(Listed entries):
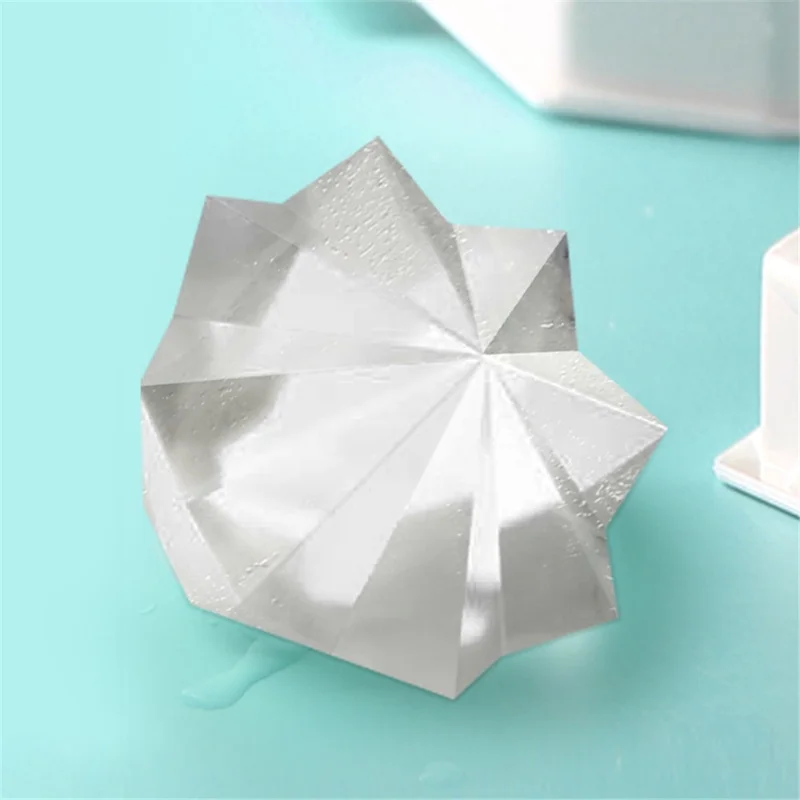 Creative 4 Cells Large Ice Ball Making Box PP Frozen Ice Cube Mold (BPA Free, No FDA Certificate) - Polygonal Star Shape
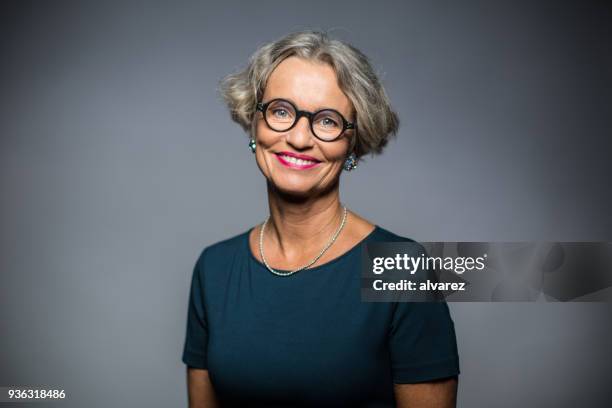 retrato de mujer feliz sobre fondo gris - pintalabios rosa fotografías e imágenes de stock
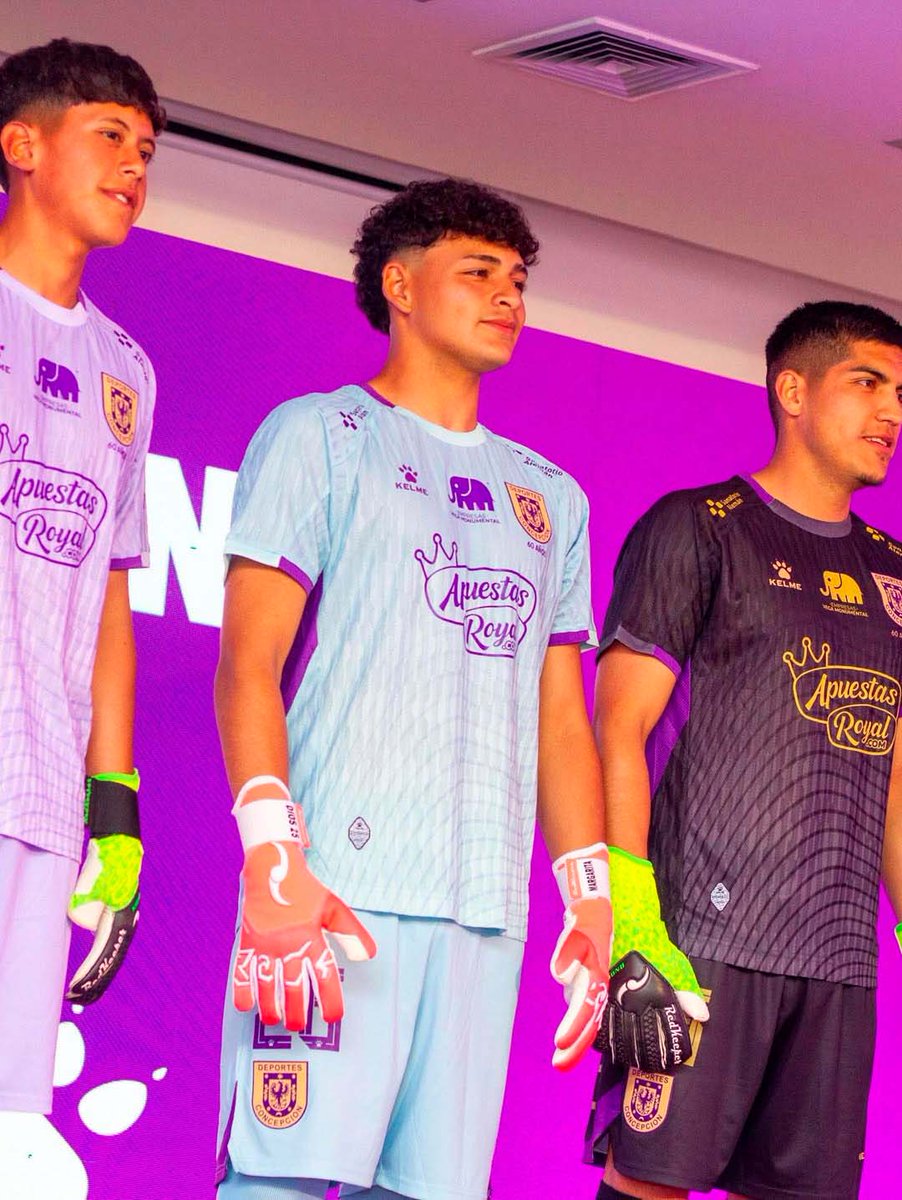 primerabdechile's tweet photo. 🟣🦁 ¡Nueva piel lila!

Deportes Concepción mostró sus camisetas para el regreso a Primera División 🏟️

Historia, identidad y un año especial para el León de Collao.

¿Te gustó la camiseta del retorno?

Imágenes gentileza prensa Deportes Concepción

#DeportesConcepción #ElConce #FútbolChileno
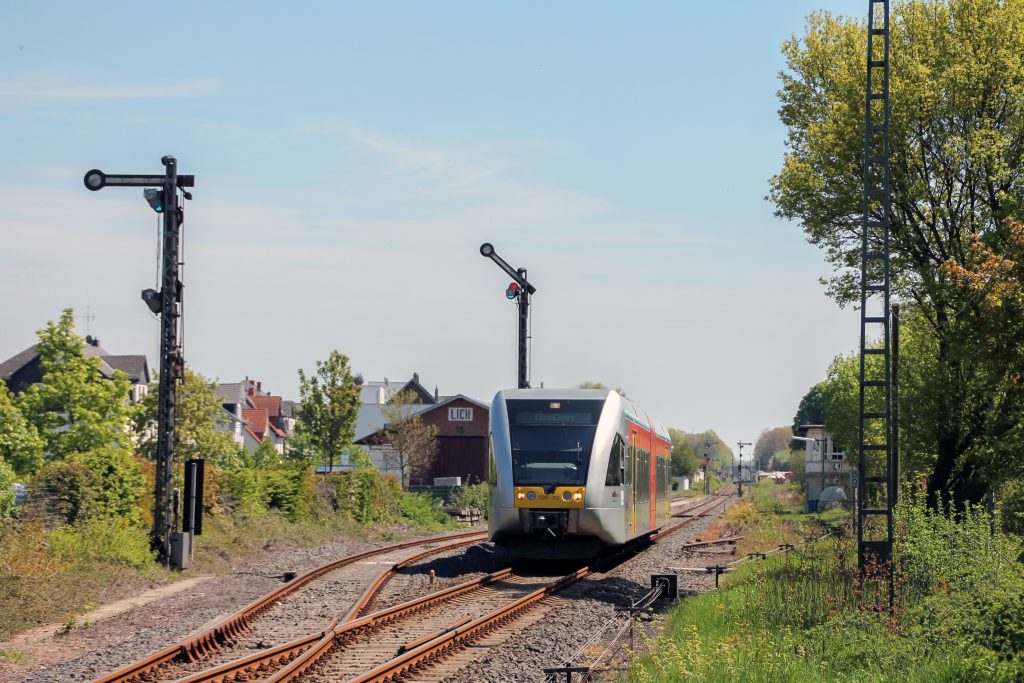 Ein GTW der HLB verlässt den Bahnhof Lich auf den Lahn-Kinzig-Bahn, aufgenommen am 06.05.2016.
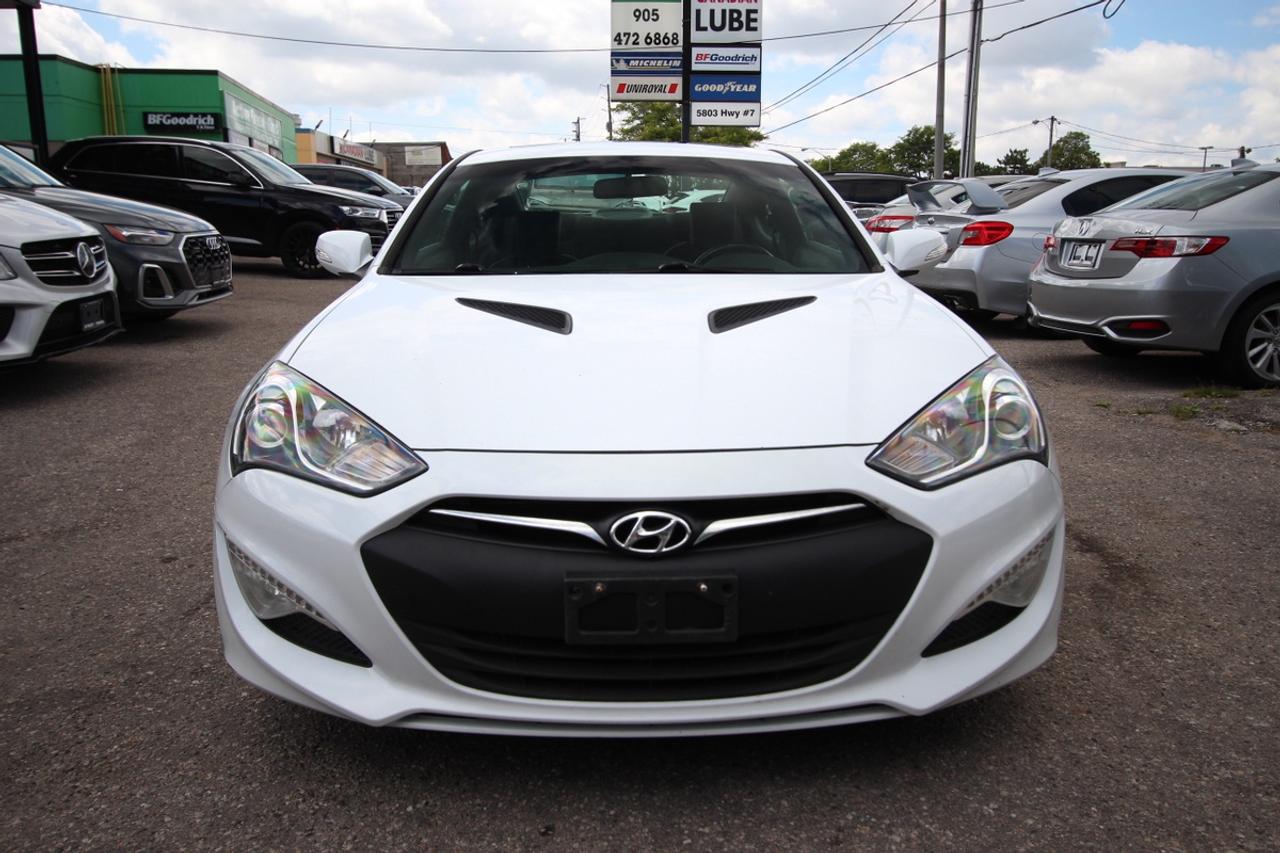 2015 Hyundai Genesis 3.8 - NO ACCIDENTS, CLEAN CARFAX Photo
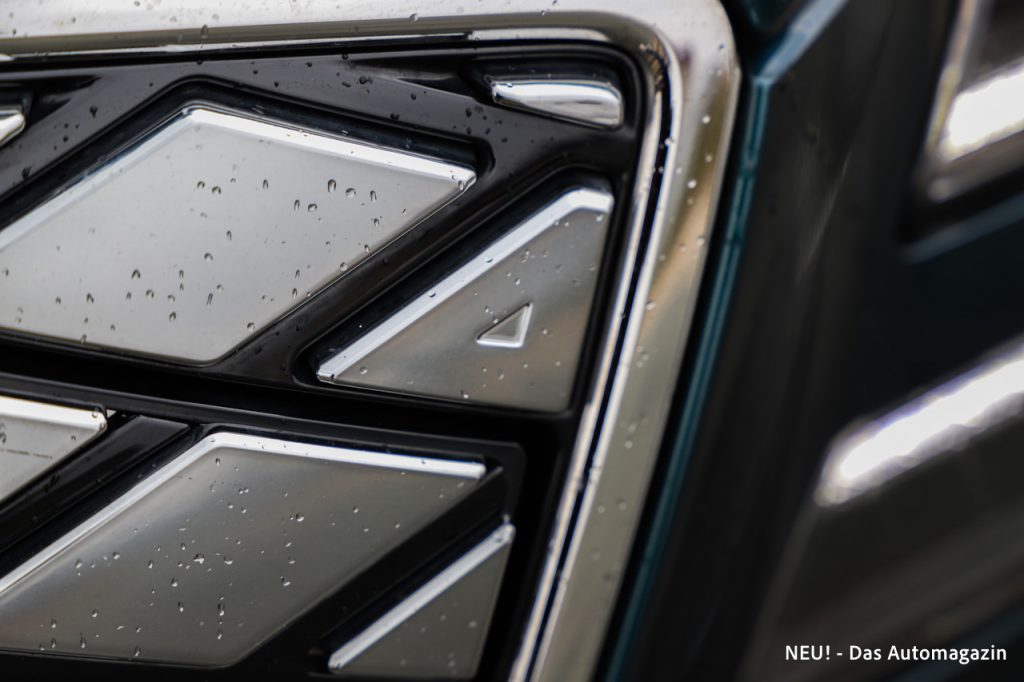 Genesis Electrified G80 Taste Ladeklappe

(Task description): Your answer should consist of every line from the entries that holds "para".

(Task answer):
Deportes Concepción mostró sus camisetas para el regreso a Primera División 🏟️
Historia, identidad y un año especial para el León de Collao.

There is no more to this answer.